■ Activity
As the answer, give every line of the records that includes the word "Volkswagen".

*** Source information ***

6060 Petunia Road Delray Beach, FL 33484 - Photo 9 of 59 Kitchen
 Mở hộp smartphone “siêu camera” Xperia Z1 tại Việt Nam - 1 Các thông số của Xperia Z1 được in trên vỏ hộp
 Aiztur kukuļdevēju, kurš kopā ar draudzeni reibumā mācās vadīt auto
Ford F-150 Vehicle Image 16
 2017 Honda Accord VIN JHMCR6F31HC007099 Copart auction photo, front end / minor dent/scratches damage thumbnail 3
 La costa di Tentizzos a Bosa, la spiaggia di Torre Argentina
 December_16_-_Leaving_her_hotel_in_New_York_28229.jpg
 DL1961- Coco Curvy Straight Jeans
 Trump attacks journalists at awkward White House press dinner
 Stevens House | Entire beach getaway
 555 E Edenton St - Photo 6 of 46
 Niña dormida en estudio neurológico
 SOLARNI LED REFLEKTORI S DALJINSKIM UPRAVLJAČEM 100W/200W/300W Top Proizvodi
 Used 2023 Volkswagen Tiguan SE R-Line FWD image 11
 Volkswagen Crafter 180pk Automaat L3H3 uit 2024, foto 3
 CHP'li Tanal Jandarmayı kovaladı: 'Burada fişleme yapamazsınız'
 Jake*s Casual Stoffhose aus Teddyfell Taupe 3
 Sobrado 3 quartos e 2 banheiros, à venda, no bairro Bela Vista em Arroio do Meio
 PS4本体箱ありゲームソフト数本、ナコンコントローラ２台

*** End of Source information ***

■ Exercise solution
 Used 2023 Volkswagen Tiguan SE R-Line FWD image 11
 Volkswagen Crafter 180pk Automaat L3H3 uit 2024, foto 3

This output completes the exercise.